Jatengvox.com – Warga Dusun Dompon, Desa Purworejo, Kecamatan Suruh, Kabupaten Semarang, kembali melaksanakan tradisi “Nyadran” pada Kamis, 25 Juli 2025.
Tradisi ini merupakan warisan leluhur yang rutin dilaksanakan tiga kali dalam setahun, yaitu pada bulan Suro, Mulud, dan Ruwah berdasarkan penanggalan Jawa.
Berbeda dengan wilayah lain yang umumnya hanya menggelar Nyadran sekali dalam setahun pada bulan Ruwah atau Sya’ban, warga Dusun Dompon menjadikan tradisi ini sebagai agenda penting untuk memperkuat silaturahmi dan memperkokoh nilai-nilai gotong royong.

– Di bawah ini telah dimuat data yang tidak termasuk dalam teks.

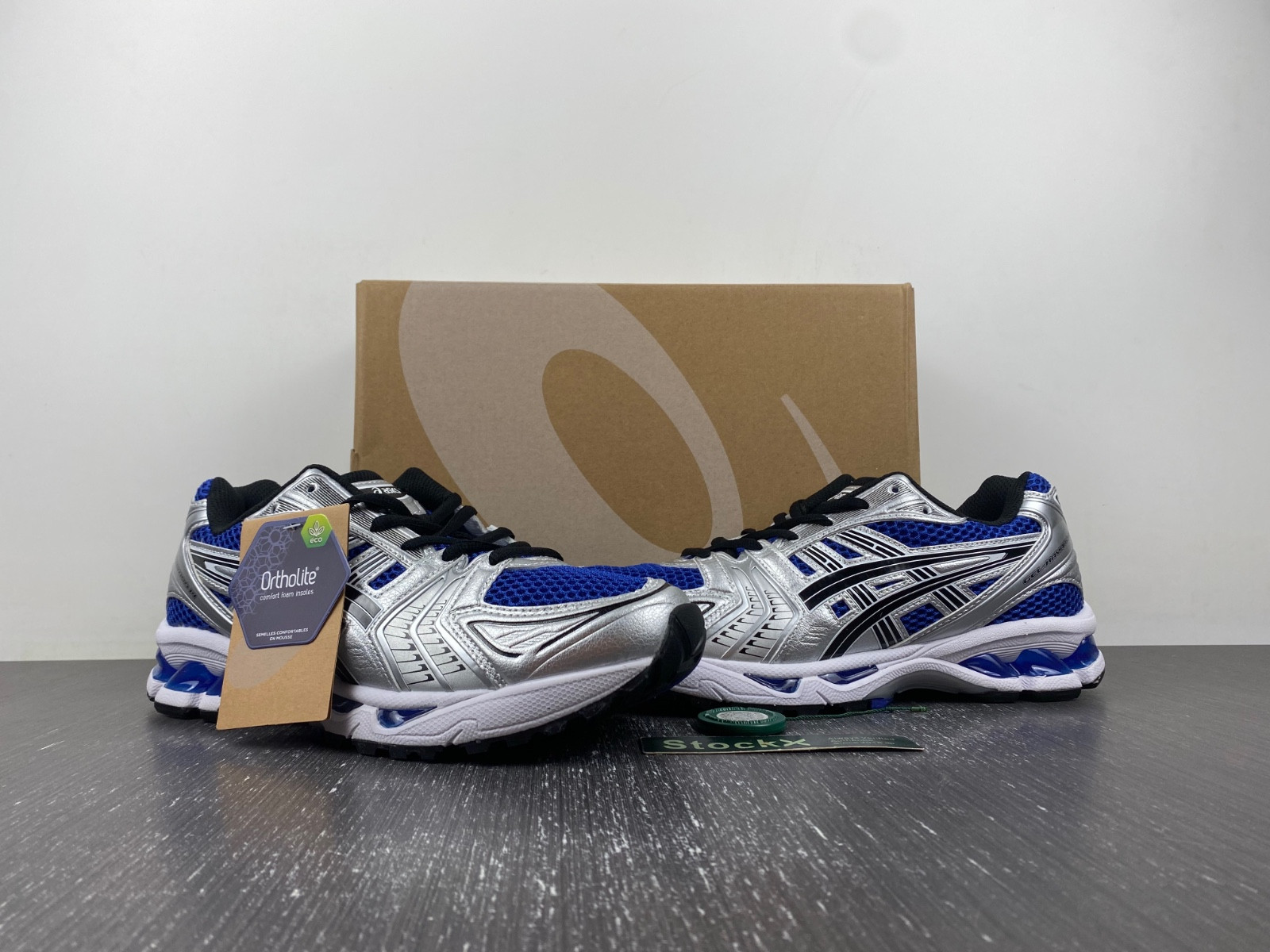 As*ic*s gel-kayano 14  1201a019-401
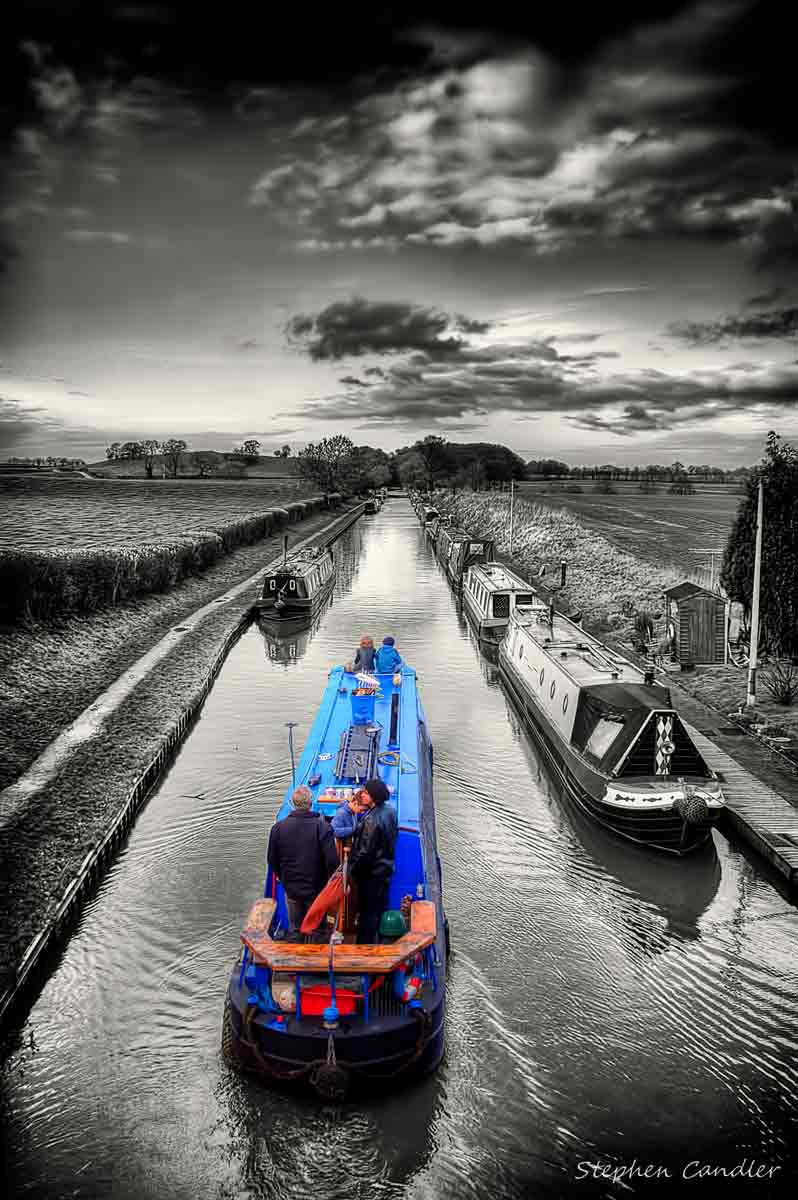 Canon EF-S 17-85mm F4-5.6 IS USM sample photo. Colourful narrow boat photography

“Nyadran adalah kegiatan warga dusun kami untuk mendoakan para leluhur yang telah mendahului kami, sehingga leluhur kami diterima di sisi Tuhan sesuai amal kebaikan yang telah diberikan kepada anak-anak mereka yang masih ada di Dusun Dompon,” ungkap Kepala Dusun Dompon, Bapak Mujono.
Selain mendoakan leluhur, Nyadran juga dimaknai sebagai wujud rasa syukur kepada Tuhan dan sarana menjaga keharmonisan antarwarga.
Tradisi Nyadran di Dusun Dompon diawali dengan kegiatan kerja bakti membersihkan makam leluhur sehari sebelum acara.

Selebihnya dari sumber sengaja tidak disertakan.